EXERCISE INSTRUCTIONS: Everything in the listing should be set down exactly, apart from the pictures.

STORED DATA:
################

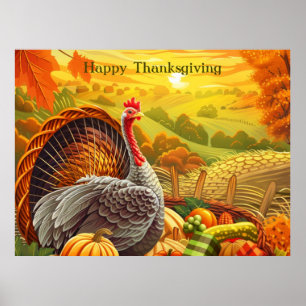 Autumn Turkey Pumpkins Erntedank Poster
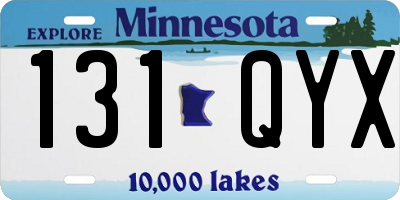 MN license plate 131QYX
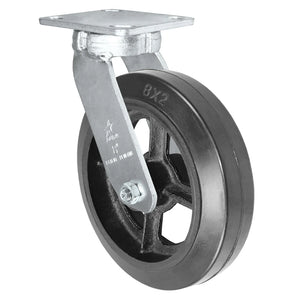 8" x 2" Rubber Steel Swivel Kingpinless Caster – 600 lb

################

RESULT FOR THIS TASK:
 Autumn Turkey Pumpkins Erntedank Poster
 MN license plate 131QYX
 8" x 2" Rubber Steel Swivel Kingpinless Caster – 600 lb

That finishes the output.